1452: Mathematician, astronomer, astrologer, priest, maker of astronomical instruments, and professor Johannes Stöffler born.
1684: Isaac Newton's derivation of Kepler's laws from his theory of gravity, contained in the paper De motu corporum in gyrum, is read to the Royal Society by Edmond Halley.
1804: Mathematician and academic Carl Gustav Jacob Jacobi born. He will make fundamental contributions to elliptic functions, dynamics, differential equations, and number theory.
1815: Mathematician and writer Ada Lovelace born. She will do pioneering work in symbolic languages for machine processes, developing what will later be called computer programs for Charles Babbage's early mechanical general-purpose computer, the Analytical Engine.
1831: Physicist and academic Thomas Johann Seebeck dies. He discovered the thermoelectric effect.
1959: Chrome Plover, the famous musical electroplating ensemble, demonstrates new controller units.

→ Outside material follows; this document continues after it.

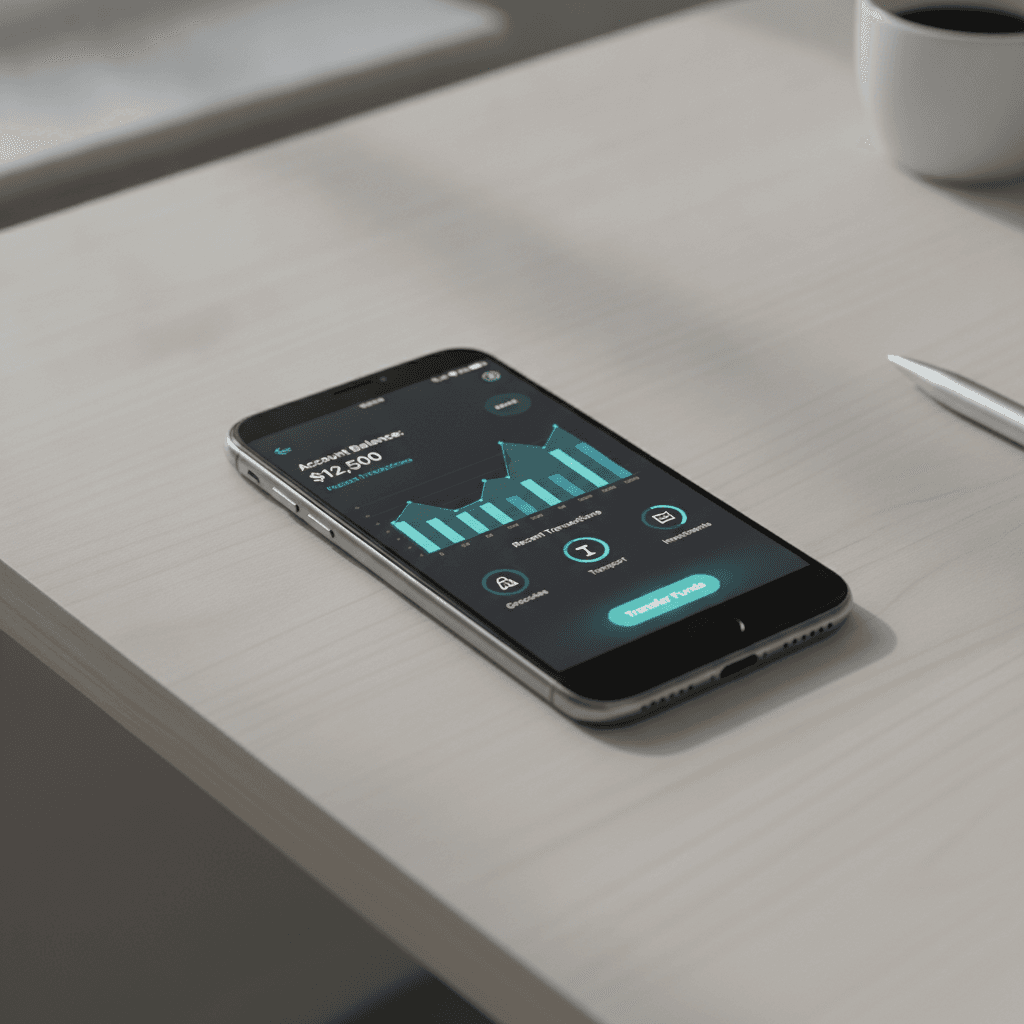 تحول بانکداری دیجیتال؛ فید تراکنشها به محصول اصلی تبدیل شد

1967: Project Gasbuggy underground nuclear test detonation in rural northern New Mexico. Its purpose was to determine if nuclear explosions could be useful in fracturing rock formations for natural gas extraction.
1989: Animated Lorenz system diagram celebrates the life and work of Ada Lovelace.
2014: The Eel receives news from informants.
2017: Signed first edition of Shell stolen from the New MIA in New Minneapolis, Canada by agents of the criminal mathematical function Gnotilus.